REQUIRED WORK >>
Using the records that follow, reproduce exactly the lines starting at the line containing "Simple Gray with Gold Border Business Card" and ending at the line containing "Natural Aquamarine Beads". Include both end lines and no pictures.

(DATA FOR REVIEW begins)

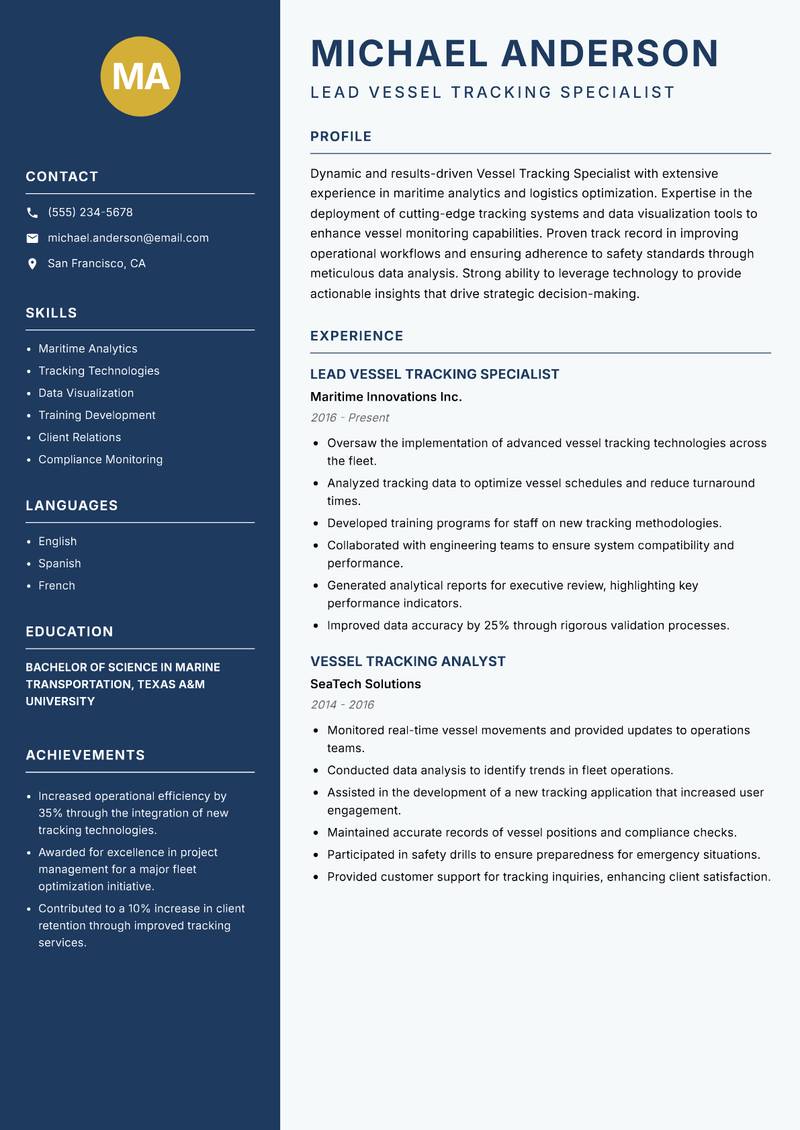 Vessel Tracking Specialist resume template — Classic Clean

(DATA FOR REVIEW ends)
(DATA FOR REVIEW begins)

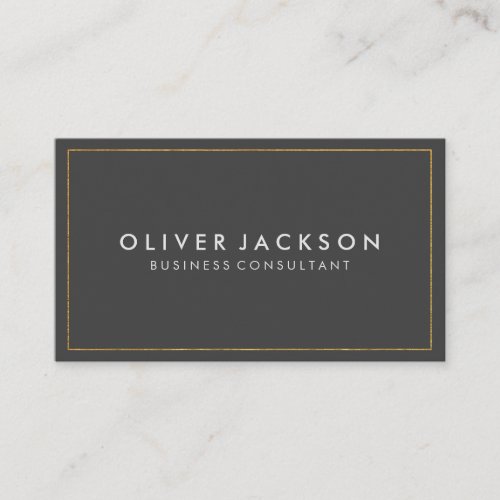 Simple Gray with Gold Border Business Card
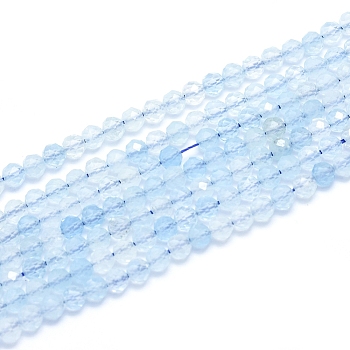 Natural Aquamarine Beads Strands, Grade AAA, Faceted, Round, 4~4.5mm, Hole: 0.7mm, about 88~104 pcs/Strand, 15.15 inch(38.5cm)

(DATA FOR REVIEW ends)

EXERCISE ANSWER >>
 Simple Gray with Gold Border Business Card
 Natural Aquamarine Beads Strands, Grade AAA, Faceted, Round, 4~4.5mm, Hole: 0.7mm, about 88~104 pcs/Strand, 15.15 inch(38.5cm)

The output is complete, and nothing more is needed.